## Material provided
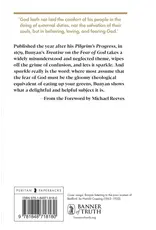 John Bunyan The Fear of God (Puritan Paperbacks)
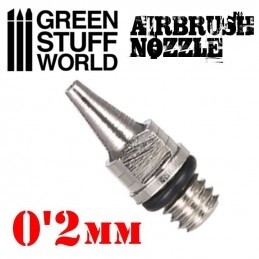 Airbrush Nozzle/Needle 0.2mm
--
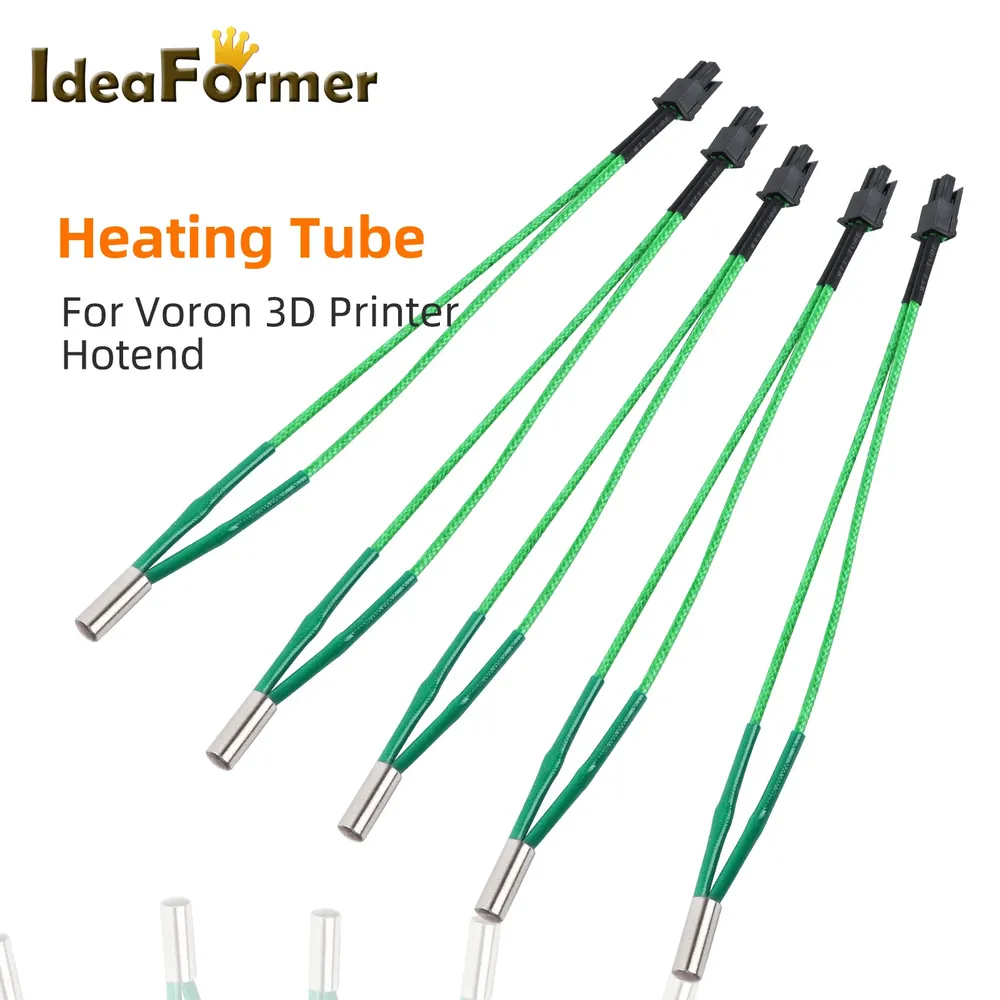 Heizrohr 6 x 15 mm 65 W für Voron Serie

## Task instructions
From the records above, output only the lines starting at the one containing "John Bunyan The" and ending at the one containing "Airbrush Nozzle/Needle 0.2mm", word for word. Pictures stay out.

## Exercise response
 John Bunyan The Fear of God (Puritan Paperbacks)
 Airbrush Nozzle/Needle 0.2mm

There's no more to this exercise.